(no subject)

Jun 24, 2005 16:06

Every time I try to let him go, and let him live a better life without me, I always fuck up and end up talking to him somehow, or seeing him. Then he does something that makes me realize how annoying I am, or how much he has to put up with me, or how much more important the rest of everything in his life is than I am. And fuck it - I'm not going to lie and say I'm strong enough to deal with that shit, because IT HURTS. It's not even anything he does; it's me, it's all me. I don't go through with plans. Things backfire. I hurt. I hurt him. I make things worst.

That's the cycle. It sums up the past month. Then I realize how fucked up I am, and how much better off he is without me, so I try to let him go. I don't. Etc etc...

Just fuck it all.

It's ironic because today he told me wanted some time to himself. If I wasn't so stupid, he would have gotten it.

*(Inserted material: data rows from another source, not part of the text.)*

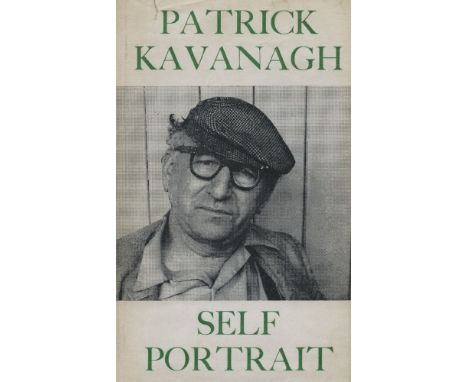 DOLMEN/KAVANAGH, PATRICK.Self Portrait, a very rare unissued copy, one of very few undestroyed (1-3 copies known) with the ph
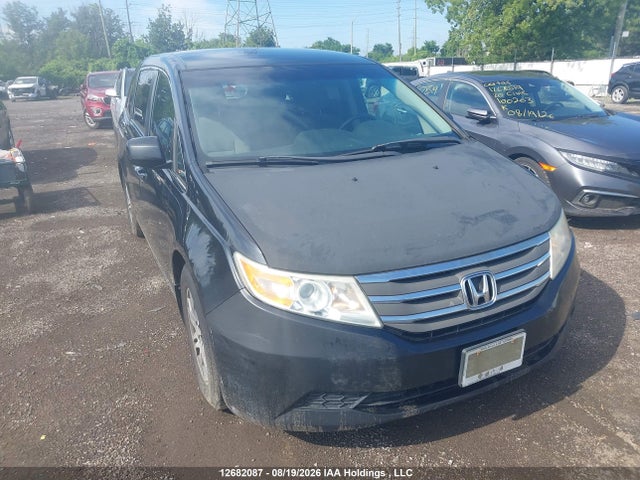 2013 Honda Odyssey Ex მანქანა იყიდება აუქციონზე, vin: 5FNRL5H45DB504375, აუქციონის ნომერი: 12682087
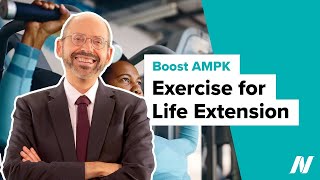 Naturally Boosting AMPK with Exercise for Life Extension [upl. by Chapel]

This whole thing with us has to stop. It's either all or nothing. I'm tired of being in between. I hate this whole not being together, but still acting like it. It's messed up, and makes me feel even worst.

I hate how I'm so messed up. If only I could pull this off. At least he'd be much better off, even if he can't see it. Maybe I'd be better off as well.

The fucked up thing is, I need to find some way to get a bag of mangoes back. How stupid is that? All this trouble for a bag of damn mangos. I need to learn to drive in the next hour. I am not going to let him go through the trouble of bringing over a bag of damn mangoes.